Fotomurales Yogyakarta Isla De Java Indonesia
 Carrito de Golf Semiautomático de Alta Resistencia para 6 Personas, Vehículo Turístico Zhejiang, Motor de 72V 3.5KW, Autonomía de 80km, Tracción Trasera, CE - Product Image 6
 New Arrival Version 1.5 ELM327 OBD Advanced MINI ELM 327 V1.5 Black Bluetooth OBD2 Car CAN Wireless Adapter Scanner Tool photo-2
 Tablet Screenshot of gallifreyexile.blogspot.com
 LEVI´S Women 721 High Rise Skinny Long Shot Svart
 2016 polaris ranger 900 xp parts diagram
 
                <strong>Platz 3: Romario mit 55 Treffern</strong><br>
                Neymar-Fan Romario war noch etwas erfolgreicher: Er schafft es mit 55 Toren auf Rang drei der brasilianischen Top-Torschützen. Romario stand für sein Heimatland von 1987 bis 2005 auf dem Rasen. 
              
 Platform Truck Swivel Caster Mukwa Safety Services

◆ ◆ ◆ ◆ ◆ ◆ ◆

### Required work
Retype the material exactly, including every line.

### Reply to the exercise
Fotomurales Yogyakarta Isla De Java Indonesia
 Carrito de Golf Semiautomático de Alta Resistencia para 6 Personas, Vehículo Turístico Zhejiang, Motor de 72V 3.5KW, Autonomía de 80km, Tracción Trasera, CE - Product Image 6
 New Arrival Version 1.5 ELM327 OBD Advanced MINI ELM 327 V1.5 Black Bluetooth OBD2 Car CAN Wireless Adapter Scanner Tool photo-2
 Tablet Screenshot of gallifreyexile.blogspot.com
 LEVI´S Women 721 High Rise Skinny Long Shot Svart
 2016 polaris ranger 900 xp parts diagram
 
                <strong>Platz 3: Romario mit 55 Treffern</strong><br>
                Neymar-Fan Romario war noch etwas erfolgreicher: Er schafft es mit 55 Toren auf Rang drei der brasilianischen Top-Torschützen. Romario stand für sein Heimatland von 1987 bis 2005 auf dem Rasen. 
              
 Platform Truck Swivel Caster Mukwa Safety Services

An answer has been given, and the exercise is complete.